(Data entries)
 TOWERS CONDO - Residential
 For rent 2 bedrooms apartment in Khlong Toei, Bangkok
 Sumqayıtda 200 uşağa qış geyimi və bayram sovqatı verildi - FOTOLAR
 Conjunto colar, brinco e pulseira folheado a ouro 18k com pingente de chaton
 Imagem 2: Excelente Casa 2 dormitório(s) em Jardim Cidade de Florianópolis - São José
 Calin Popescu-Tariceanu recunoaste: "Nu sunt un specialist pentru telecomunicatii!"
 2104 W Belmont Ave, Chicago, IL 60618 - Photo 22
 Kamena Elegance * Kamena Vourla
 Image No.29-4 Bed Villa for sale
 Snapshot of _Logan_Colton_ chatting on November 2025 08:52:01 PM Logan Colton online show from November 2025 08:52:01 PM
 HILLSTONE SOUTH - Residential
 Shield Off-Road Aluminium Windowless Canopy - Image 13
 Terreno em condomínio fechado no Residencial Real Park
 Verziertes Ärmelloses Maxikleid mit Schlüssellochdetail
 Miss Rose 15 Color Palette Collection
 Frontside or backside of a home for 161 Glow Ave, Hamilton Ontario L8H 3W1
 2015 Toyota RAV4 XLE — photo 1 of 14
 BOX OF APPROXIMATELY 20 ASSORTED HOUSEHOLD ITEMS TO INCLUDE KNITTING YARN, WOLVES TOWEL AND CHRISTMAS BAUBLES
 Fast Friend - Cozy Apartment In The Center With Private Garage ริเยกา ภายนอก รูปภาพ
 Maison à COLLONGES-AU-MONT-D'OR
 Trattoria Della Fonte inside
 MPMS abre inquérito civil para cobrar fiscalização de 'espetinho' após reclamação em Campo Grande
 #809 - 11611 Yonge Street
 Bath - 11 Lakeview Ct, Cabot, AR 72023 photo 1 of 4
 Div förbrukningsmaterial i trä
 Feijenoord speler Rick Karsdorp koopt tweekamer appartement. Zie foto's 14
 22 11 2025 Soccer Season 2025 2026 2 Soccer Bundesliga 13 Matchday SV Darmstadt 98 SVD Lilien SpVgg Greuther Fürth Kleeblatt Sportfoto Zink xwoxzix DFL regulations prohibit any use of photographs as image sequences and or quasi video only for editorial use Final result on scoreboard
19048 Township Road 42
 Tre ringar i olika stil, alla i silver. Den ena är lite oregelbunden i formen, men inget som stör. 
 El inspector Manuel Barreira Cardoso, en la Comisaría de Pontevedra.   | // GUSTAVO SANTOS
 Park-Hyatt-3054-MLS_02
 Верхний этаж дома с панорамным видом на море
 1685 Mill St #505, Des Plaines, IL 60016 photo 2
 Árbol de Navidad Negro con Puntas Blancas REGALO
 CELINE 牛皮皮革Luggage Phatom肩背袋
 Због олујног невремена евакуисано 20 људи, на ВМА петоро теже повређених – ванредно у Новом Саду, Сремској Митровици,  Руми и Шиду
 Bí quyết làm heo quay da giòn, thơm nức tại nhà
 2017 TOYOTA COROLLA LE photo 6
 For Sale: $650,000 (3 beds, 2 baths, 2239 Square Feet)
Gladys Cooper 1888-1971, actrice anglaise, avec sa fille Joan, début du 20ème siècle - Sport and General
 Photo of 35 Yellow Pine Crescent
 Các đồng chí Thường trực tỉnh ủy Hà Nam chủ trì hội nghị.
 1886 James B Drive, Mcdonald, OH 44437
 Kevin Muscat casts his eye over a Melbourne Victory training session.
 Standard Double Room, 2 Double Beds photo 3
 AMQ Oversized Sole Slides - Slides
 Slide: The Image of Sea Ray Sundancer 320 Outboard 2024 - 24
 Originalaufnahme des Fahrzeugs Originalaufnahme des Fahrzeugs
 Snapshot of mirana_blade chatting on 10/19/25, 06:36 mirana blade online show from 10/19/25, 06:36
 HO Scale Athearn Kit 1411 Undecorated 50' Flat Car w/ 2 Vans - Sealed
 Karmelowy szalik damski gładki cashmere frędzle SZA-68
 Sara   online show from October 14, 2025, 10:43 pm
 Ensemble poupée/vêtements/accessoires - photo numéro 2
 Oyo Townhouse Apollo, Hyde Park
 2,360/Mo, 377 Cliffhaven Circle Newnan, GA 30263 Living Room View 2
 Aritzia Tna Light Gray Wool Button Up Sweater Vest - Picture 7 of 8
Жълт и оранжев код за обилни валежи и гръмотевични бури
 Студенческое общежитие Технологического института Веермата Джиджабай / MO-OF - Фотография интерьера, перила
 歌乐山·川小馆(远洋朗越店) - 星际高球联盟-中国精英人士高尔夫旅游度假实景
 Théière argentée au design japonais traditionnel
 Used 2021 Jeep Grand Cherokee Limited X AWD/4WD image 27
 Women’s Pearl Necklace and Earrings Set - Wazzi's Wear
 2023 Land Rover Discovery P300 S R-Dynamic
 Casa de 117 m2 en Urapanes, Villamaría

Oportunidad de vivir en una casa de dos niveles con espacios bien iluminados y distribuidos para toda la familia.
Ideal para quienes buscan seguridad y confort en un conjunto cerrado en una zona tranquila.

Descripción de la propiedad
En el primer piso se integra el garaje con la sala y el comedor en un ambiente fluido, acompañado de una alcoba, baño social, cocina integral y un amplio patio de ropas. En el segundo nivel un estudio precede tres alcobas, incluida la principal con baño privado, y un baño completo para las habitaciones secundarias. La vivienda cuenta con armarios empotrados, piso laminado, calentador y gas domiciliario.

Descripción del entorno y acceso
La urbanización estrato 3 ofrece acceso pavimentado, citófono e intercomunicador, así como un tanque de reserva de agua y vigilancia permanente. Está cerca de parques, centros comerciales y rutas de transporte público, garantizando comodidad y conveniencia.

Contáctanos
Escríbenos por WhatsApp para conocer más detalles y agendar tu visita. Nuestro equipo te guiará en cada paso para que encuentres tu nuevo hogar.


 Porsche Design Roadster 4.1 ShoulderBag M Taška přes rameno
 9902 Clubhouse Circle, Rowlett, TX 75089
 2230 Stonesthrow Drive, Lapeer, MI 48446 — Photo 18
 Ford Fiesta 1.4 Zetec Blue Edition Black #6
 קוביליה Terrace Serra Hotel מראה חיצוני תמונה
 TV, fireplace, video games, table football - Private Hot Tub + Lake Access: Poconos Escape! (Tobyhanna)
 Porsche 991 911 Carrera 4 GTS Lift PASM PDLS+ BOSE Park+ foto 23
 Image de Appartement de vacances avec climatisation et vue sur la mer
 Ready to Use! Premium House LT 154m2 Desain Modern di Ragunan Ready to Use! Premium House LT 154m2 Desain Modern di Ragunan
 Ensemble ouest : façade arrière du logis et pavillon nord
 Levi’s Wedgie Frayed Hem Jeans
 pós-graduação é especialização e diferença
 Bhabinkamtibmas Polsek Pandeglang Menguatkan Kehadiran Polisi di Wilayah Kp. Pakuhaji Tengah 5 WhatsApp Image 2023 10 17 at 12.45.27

(Try it):
Up to and including the line with "BOX OF APPROXIMATELY", repeat the entries exactly, beginning at their first line.

(Reply):
 TOWERS CONDO - Residential
 For rent 2 bedrooms apartment in Khlong Toei, Bangkok
 Sumqayıtda 200 uşağa qış geyimi və bayram sovqatı verildi - FOTOLAR
 Conjunto colar, brinco e pulseira folheado a ouro 18k com pingente de chaton
 Imagem 2: Excelente Casa 2 dormitório(s) em Jardim Cidade de Florianópolis - São José
 Calin Popescu-Tariceanu recunoaste: "Nu sunt un specialist pentru telecomunicatii!"
 2104 W Belmont Ave, Chicago, IL 60618 - Photo 22
 Kamena Elegance * Kamena Vourla
 Image No.29-4 Bed Villa for sale
 Snapshot of _Logan_Colton_ chatting on November 2025 08:52:01 PM Logan Colton online show from November 2025 08:52:01 PM
 HILLSTONE SOUTH - Residential
 Shield Off-Road Aluminium Windowless Canopy - Image 13
 Terreno em condomínio fechado no Residencial Real Park
 Verziertes Ärmelloses Maxikleid mit Schlüssellochdetail
 Miss Rose 15 Color Palette Collection
 Frontside or backside of a home for 161 Glow Ave, Hamilton Ontario L8H 3W1
 2015 Toyota RAV4 XLE — photo 1 of 14
 BOX OF APPROXIMATELY 20 ASSORTED HOUSEHOLD ITEMS TO INCLUDE KNITTING YARN, WOLVES TOWEL AND CHRISTMAS BAUBLES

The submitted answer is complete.